What the Occupy Wall Street people are reacting to is the complete powerlessness of most of us to get out of this awful bind. One of the last times such an all-powerful establishment was truly reformed a guillotine was involved. The longer reform is suppressed, the more cataclysmic the reform will eventually be. That is the way it has always been.
It is not envy of the wealthy that is fueling this latest protest. As I said, I have heard of few who begrudge the wealth of Steve Jobs, or Bill Gates, or any of the others who actually DID something to earn what they have. It is the CEOs who get seven, eight or nine-figure bonuses and payouts when they ran their firms into the ground, or wealthy people who are using money they never earned to demonize poor people for using, or trying to use, wealth they never earned - i. e. welfare. People who do nothing but live well off the money some ancestor made should not be so quick to castigate people who receive medical care they cannot actually afford. It is disheartening that those who rob a bank of billions are all over the society pages while those who rob the same bank of a couple of hundred dollars are, if caught, doing hard time.

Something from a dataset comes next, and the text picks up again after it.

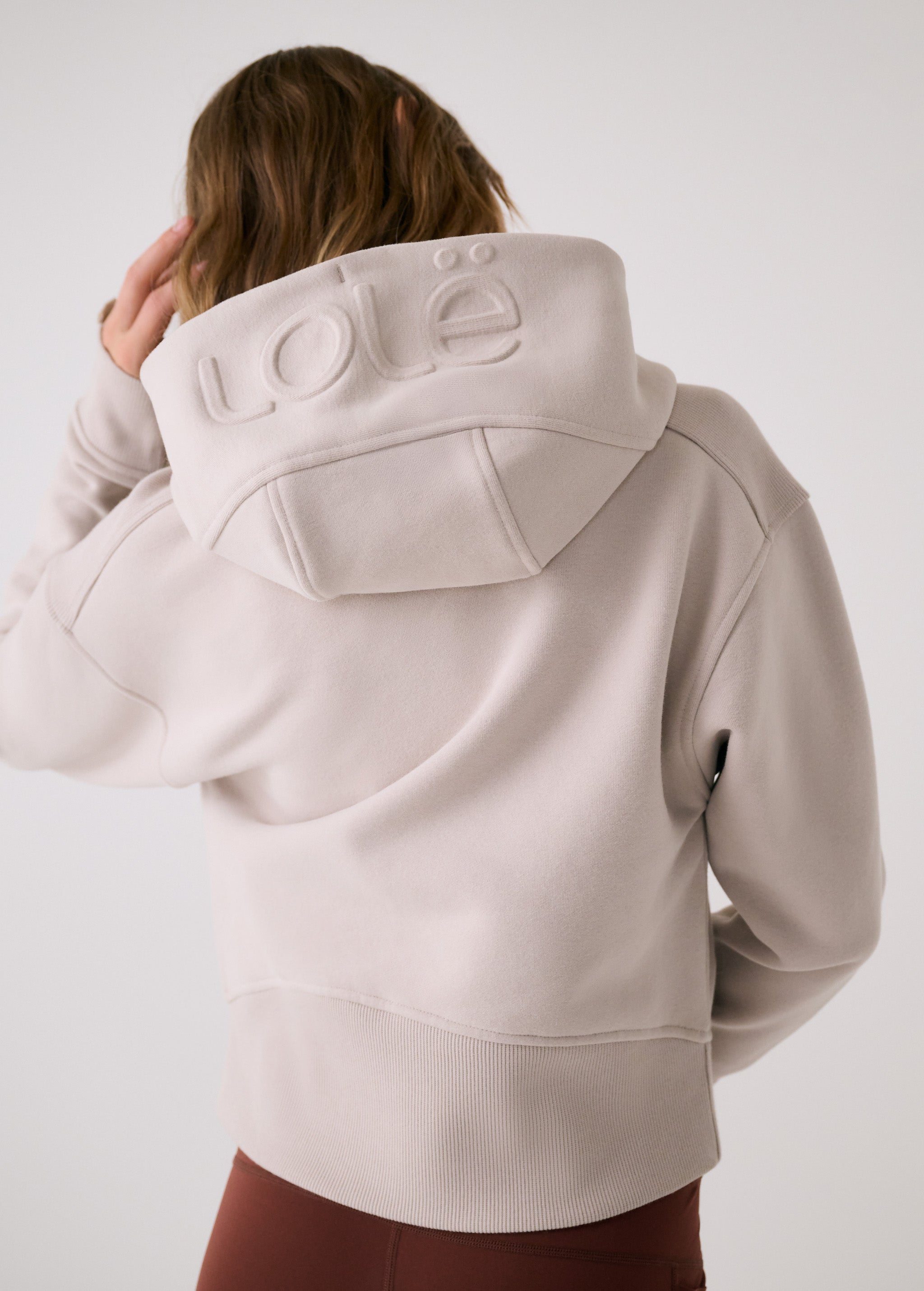 Lolë Yonder Full Zip Hoodie in Abalone pale greige — cropped and cozy, the Yonder Hoodie is your cold-weather comfort zone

Poor people are notorious for not bothering to vote, but for whom should they vote? They should, perhaps, run themselves, but they'd only be spending money to do so that they don't have or can't spare - and if they raise the funds to run, they will be raising them from rich or at least richer people, and then here we are: back at square one.
I don't expect any improvement; I think it quite possible that we have passed the point where real reform can occur. But I shall be watching the protest movement with great interest.
By the way, the Blogger KING OF NEW YORK HACKS has talked to a lot of different folks in the Occupying crowd and has published some excellent pictures and commentary showing who's there.